I got the chance to experience both sides of that this week: after some successful AFM imaging, the data showed that the technique works in the way we expected. To help explain just what was going on, I also simulated the operation of the AFM using the computational modeling software I’ve described in the past; the most recent and most accurate iteration of the simulations this week provided a graph of predicted voltage response. When I called up the graph on MATLAB, I had to check my code to make sure I hadn’t just plotted the experimental data instead because, to a rough visual approximation, the two were indistinguishable. Now, though this was exciting, it’s not exactly groundbreaking: we’re dealing with some very well-known properties of capacitance and potential difference. But it’s still significant because it means the technique we’re developing can supply predictable, and hopefully reproducible, results.

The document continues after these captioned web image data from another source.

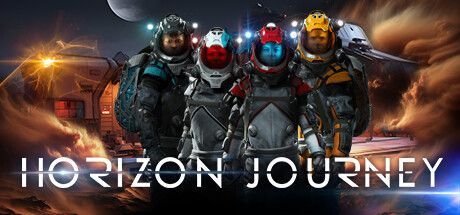 Game cover: Horizon Journey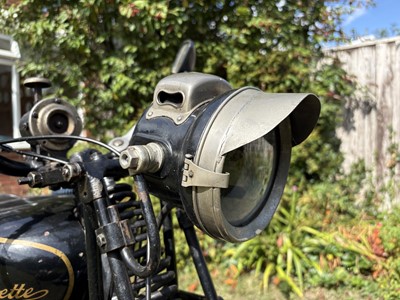 Lot 271 - 1923 Velocette Model U
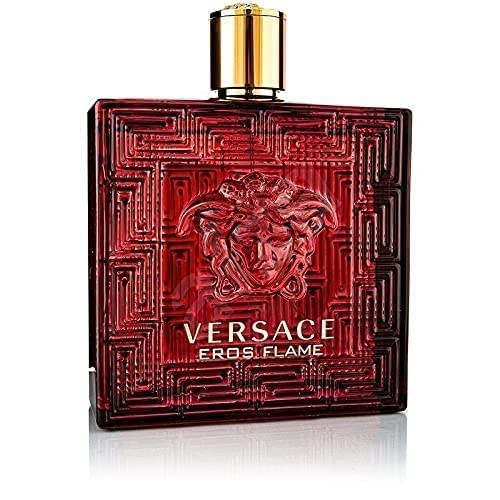 Versace Eros Flame Eau De Parfum Natural Spray 100ml Versace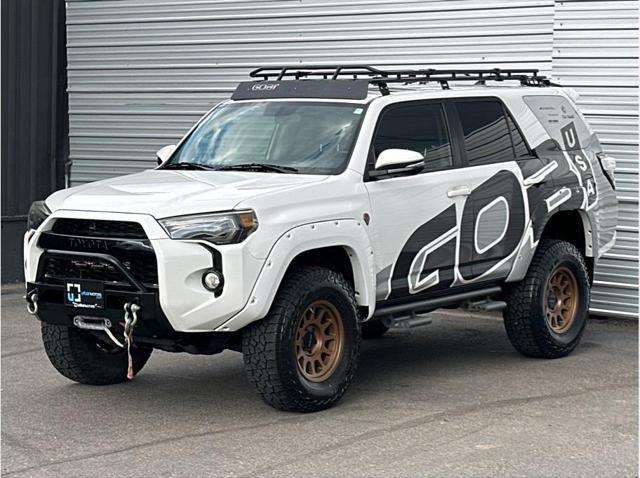 used 2016 Toyota 4Runner car, priced at $31,990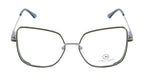Knight Horse Classy Oversized Square Eyewear for Women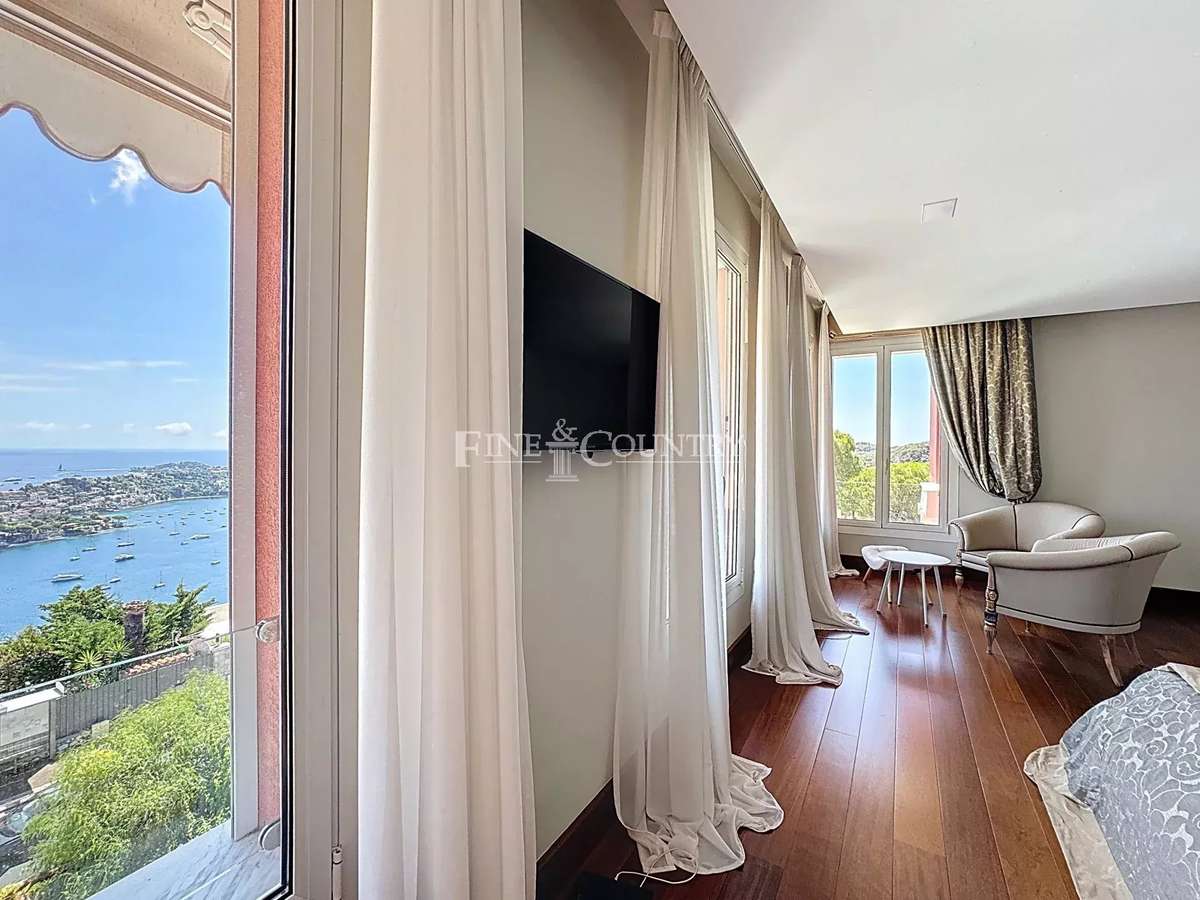 Villa Villefranche-sur-Mer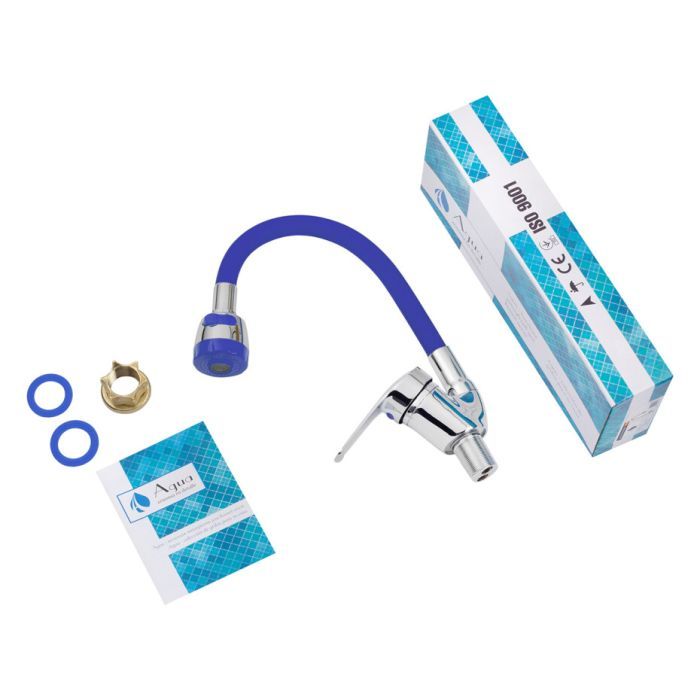 Смеситель Agua Sevilla-C039AZU (CV033908) изображение 6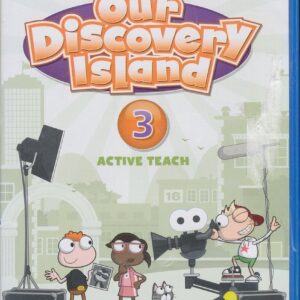 Our Discovery Island level 3 Active teach CD-Rom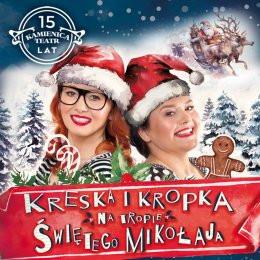 Wołomin Wydarzenie Inne wydarzenie Kreska i Kropka na tropie Św. Mikołaja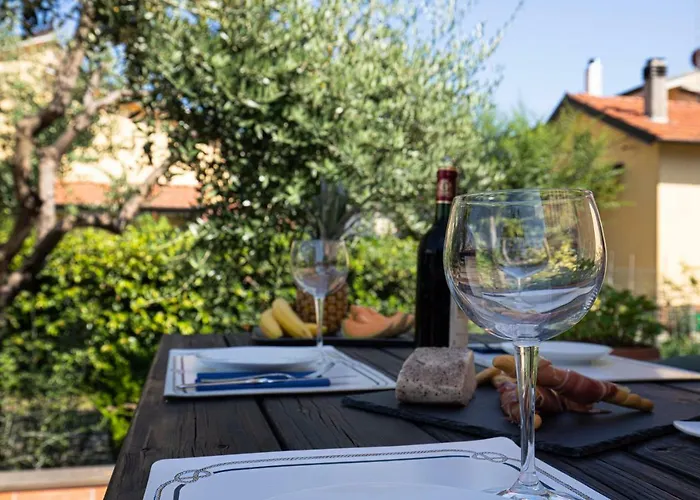 B&B Villa Apuana Marina Di Carrara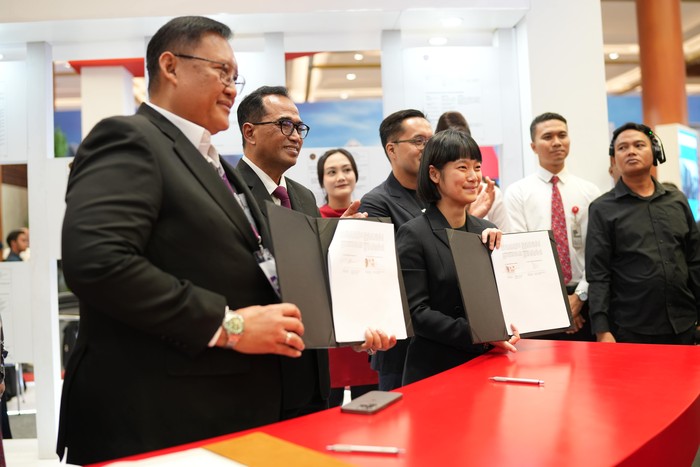 Gojek kerja sama dengan Lion Air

Some really fun things happened this week that I’d love to expand on: we went to a science trivia night hosted by some co-workers of Sammi at a local restaurant (with an excellent Taco Tuesday). The ten of us sat at one long table, but ended up splitting into two teams. There would be fifteen short-answer questions throughout the night, with bonus points awarded for the funniest (incorrect) answer. We also got to name our teams; I was flattered to be the namesake for ours: Tibbs Free Energy. For those of you who haven’t taken thermodynamics, Josiah Willard Gibbs was an incredible physicist who came up with a concept of free energy which was, eventually, named after him. The questions were difficult, but our team answered enough of them correctly to end the first phase tied for first. I would like to credit that success to my sister, without whose help I never would have known the name of the mission which sent the animals called Tardigrades (or water bears) into space.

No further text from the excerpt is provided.